But all the other trademarks and qualities Lawrence and Felt exhibited before that are intact - intricate melodies and guitar interplay, creating one of the blueprints to be used later on for what is now dubbed lo-fi pop. On the other hand, Lawrence's' insistence on interspersing vocal albums with instrumental tracks, something he might have picked up from Brian Wilson and his instrumental interplays on Pet Sounds and Smiley Smile (purely instrumental albums are yet to come), may have in a way set a pattern later picked up by many so-called post-rock bands that favour putting their guitars up front. As was the case with Crumbling The Antiseptic Beauty, the sound has been cleared up enough to give the music yet another layer of atmosphere, without taking that lo-fi effect Lawrence might have been after anyway.

The additional duo of songs on this reissue “My Face Is On Fire"‚ and "Trails of Colour Dissolve" complement fully the tone and the atmosphere of the album.
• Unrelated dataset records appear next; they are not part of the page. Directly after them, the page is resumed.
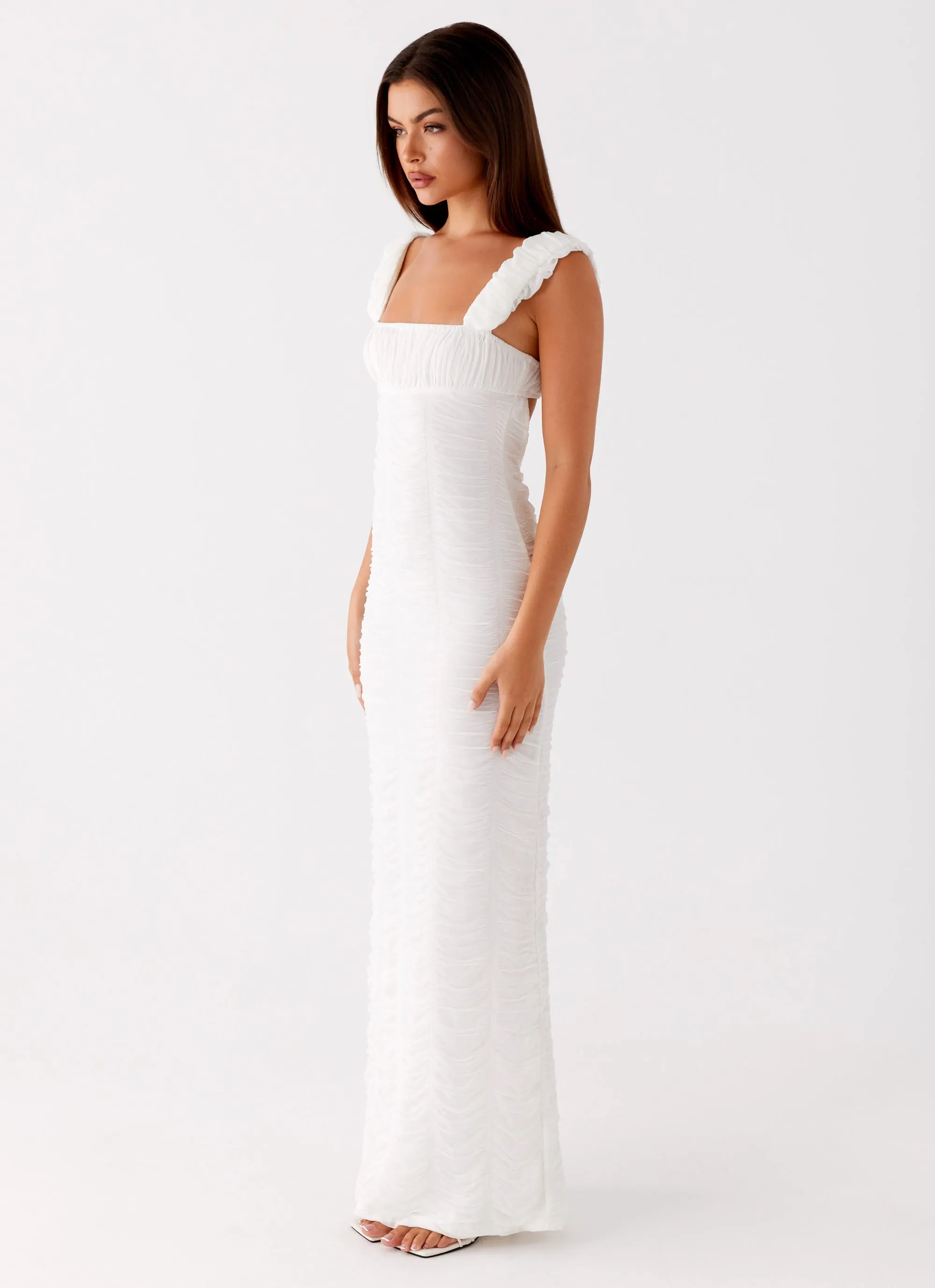 relaxed elegance Crisp Silhouette Senses Midi Dress - White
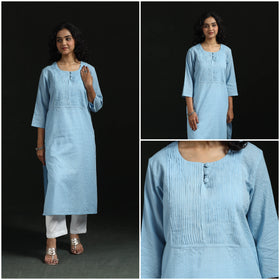 Plain running stitch pintuck straight cotton kurta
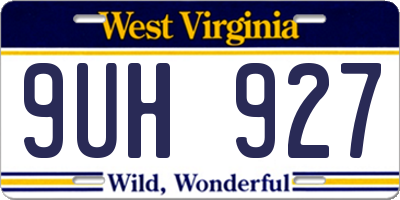 WV license plate 9UH927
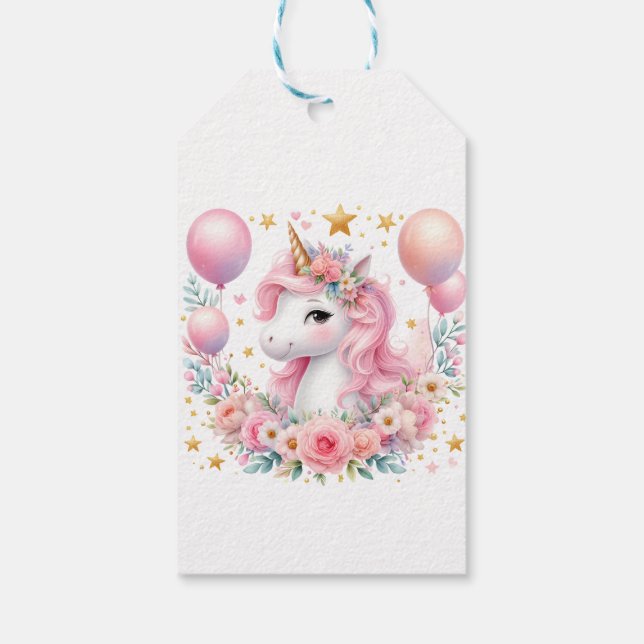 Étiquettes-cadeau Unicorne rose (Dos)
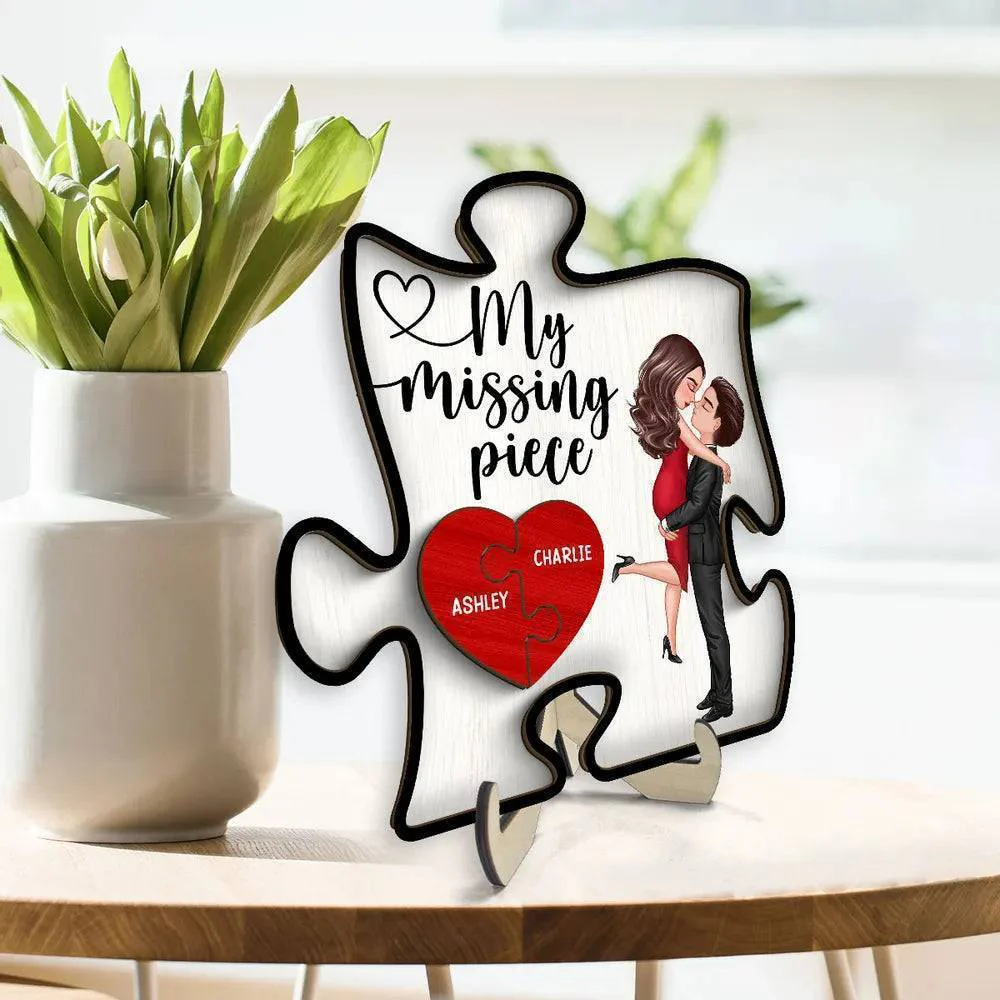 A Beautiful Expression of Deep Affection, Perfect for Gifting - 'My Missing Piece' Personalized Puzzle Heart 2-Layer Ornament- Romantic Valentine's & Anniversary Gift for Couples - Image 6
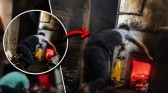 Neto pula em forno de cremação durante despedida da avó na Índia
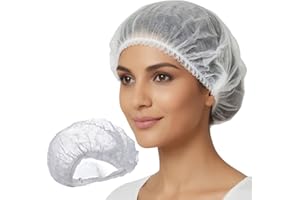 100 pcs Disposable Hair Nets, 21"Disposable Bouffant Caps Hair Nets Food Service, Non-Woven Elastic Disposable Hair Cover for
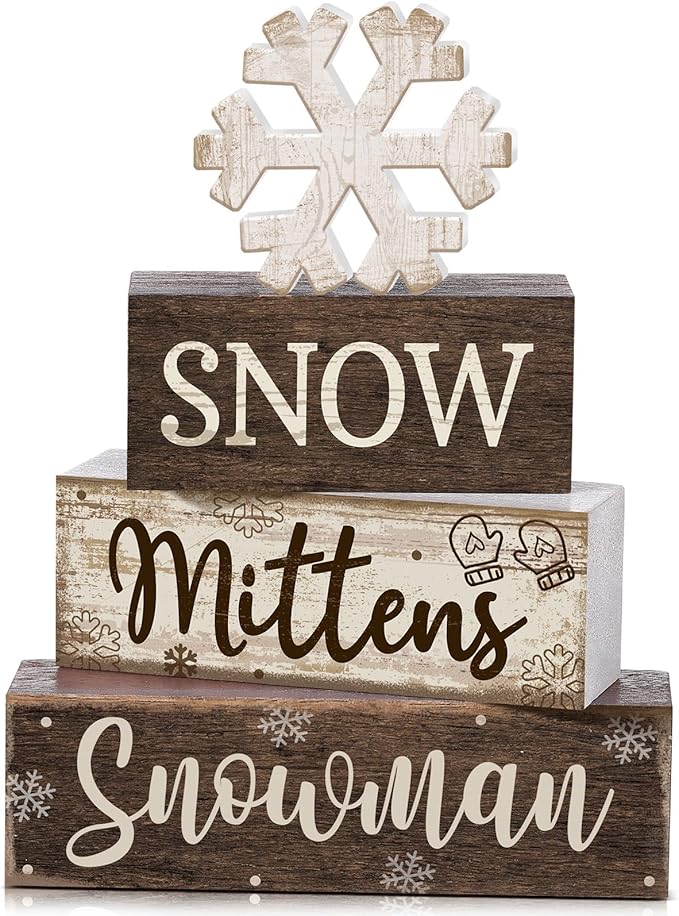Moucuny 4 Pcs Winter Table Decorations Wooden Snowflake Decor Christmas Tiered Tray Decor Rustic Decorative Snowflake Block Sign Gift Winter Table Centerpiece for Wonderland Party Home Kitchen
Taking a more general view, on the evidence of the six albums Felt came up with between 1981 and 1986, it became obvious that Lawrence was a man with a vision. In many ways, as was the case with his other projects, later on it became tunnel vision. But tunnel vision in the sense of Lawrence being a man that persists on a certain path until he deems that he has exhausted it, and that it was time for him to try something else. Which he did.